A tal recuperação nada mais é do que uma aceitação tácita do ocorrido como algo “natural”, e o retorno ao dia a dia para os trabalhadores, apesar de terem perdido tudo. O mesmo sentido que o chamado “desenvolvimento”. Os autores fazem um chamado aos afogados a se abraçarem com os afogadores, uma perfídia. A verdadeira abominação que é tal proposta é ainda desenvolvida, numa clara defesa do mesmo projeto neoliberal que originou a catástrofe, e mascarada com uma verborragia cujo único objetivo é disfarçar a causa política dos alagamentos:
“Paz, unidade e acordo político são pilares da recuperação. Institucionalidade –com flexibilidade e transparência– é forte preditor de sucesso. Improviso e baixa institucionalização de processos redundam em perdas certas, humanas e materiais. Participação social é fundamental. Acesso a expertise testada faz a diferença. Ação deve ser pautada por diagnóstico, desenho de projetos e execução técnica sem interferências políticas“.
Os termos tecnocráticos se repetem ainda em outros parágrafos, procurando apresentar um problema como de expertise, de aplicação de pessoal. Nada está mais longe da verdade, o que se observa pelos grotescos cortes na defesa civil do estado, ou no emprego da polícia militar do RS para remover pessoas de imóveis, quando estas perderam suas casas e bens, e buscam apenas se abrigar. Pior, defendem um incremento na política neoliberal:
“As estruturas atuais impedem a mobilização e integração dos quadros qualificados do serviço público e a contratação da competência presente no mercado e na academia. As disputas partidárias agravam essa fragilidade institucional e dissipam recursos em um momento que exige união de esforços“.
Com a primeira parte, buscam indicar que seria necessário por fim ao serviço público como existe hoje, e substituí-lo pela competência presente no mercado, ou seja, por empresas parasitas do Estado, que receberão verbas para mal cumprir com funções hoje sucateadas pelo governo estadual (com o propósito de privatizações e outras medidas do tipo). A segunda parte apontam para o não questionamento das políticas do governo estadual, causador da tragédia, e que segundo os autores e a Folha deveria ser apoiado em sua sanha contra a população trabalhadora do Rio Grande do Sul.
“A criação de uma Autoridade Interinstitucional para Recuperação e Desenvolvimento (ARD) parece ser necessária num contexto de impasse e de polarização como o que vivemos hoje. […] A diretoria-executiva demanda uma composição com indivíduos de reconhecida experiência profissional, sem viés político-eleitoral.
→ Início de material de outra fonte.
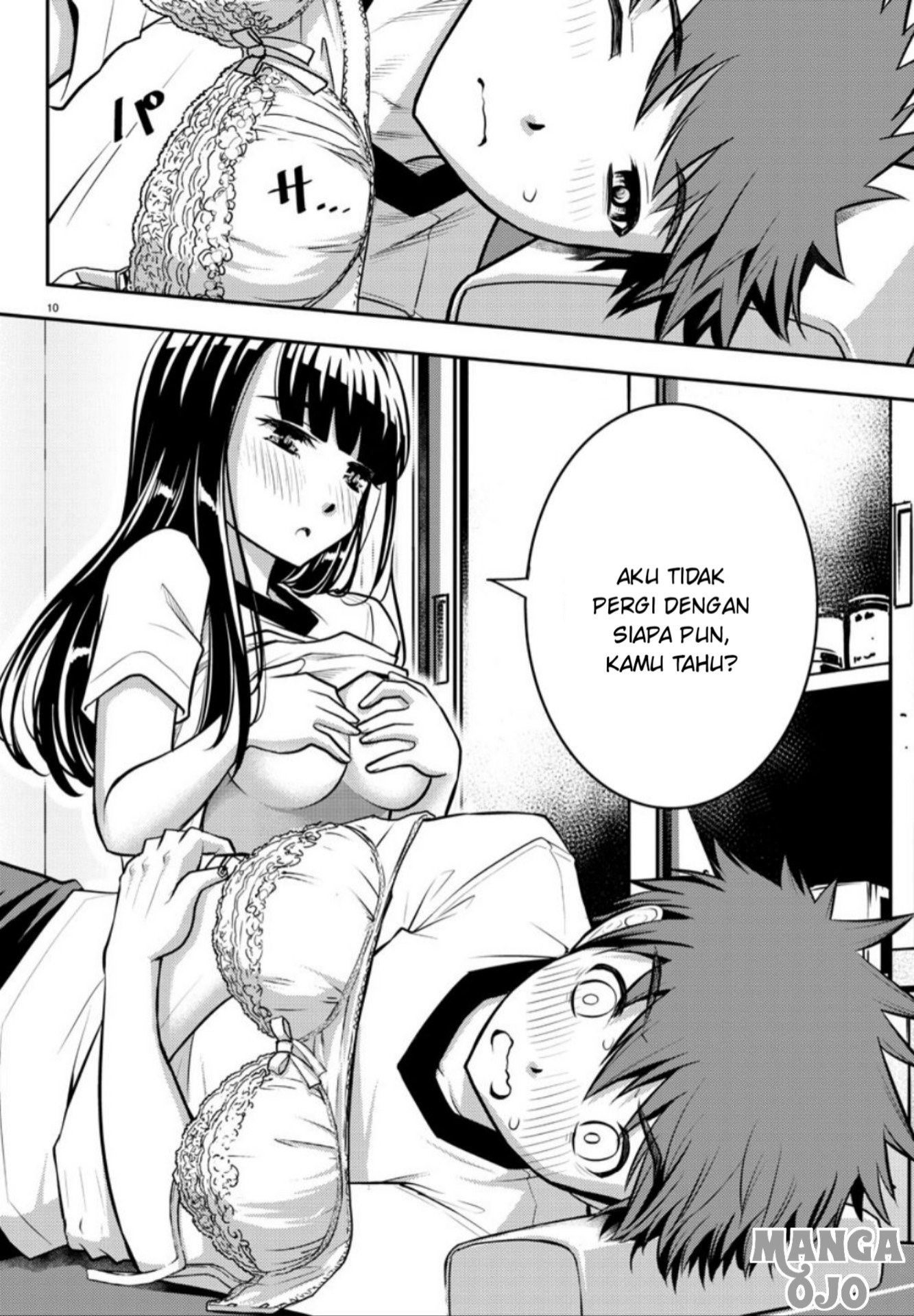 Yankee JK Kuzuhana-chan Chap 4 - Next Chap 5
A governança da ARD deve ser intergovernamental e interinstitucional, com conselhos amplos para garantir a escuta e um conselho de administração enxuto e ágil. Uma equipe executiva profissional e competente seria responsável pela proposição e implementação dos projetos de recuperação“.
O que quer dizer isto? Os autores propõem a criação de uma instituição paralela ao Estado, financiada por este, mas sem a ingerência dos trabalhadores, sem eleições, com tecnocratas apontados diretamente pelo capital financeiro como seus administradores. Em outras palavras, a entrega do poder estatal diretamente para os banqueiros.
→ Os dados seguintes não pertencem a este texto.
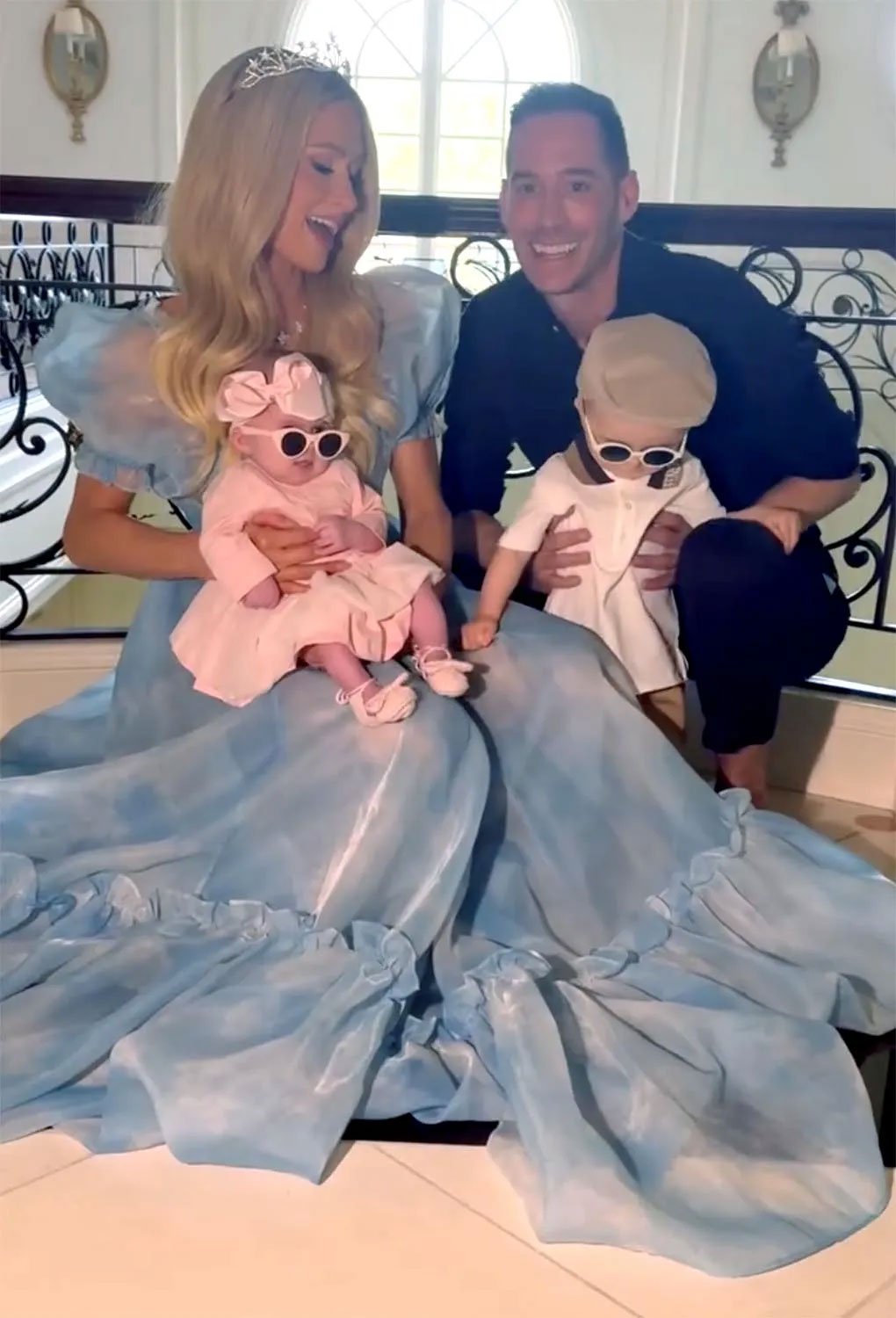 Paris Hilton Raves about her hubby on Fathers Day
A proposta neoliberal é disfarçada com a assistência ao estado, mas o caso é evidente. O artigo ressalta ainda uma “maior integração internacional”. Ou seja, uma instituição nova, sem qualquer possibilidade de interferência pela população, mas com ligações internacionais, leia-se: ao imperialismo. Infelizmente não surpreende que, em meio a toda a destruição causada pela política neoliberal, seus arautos consigam ter a ousadia de propor um aprofundamento dessa política.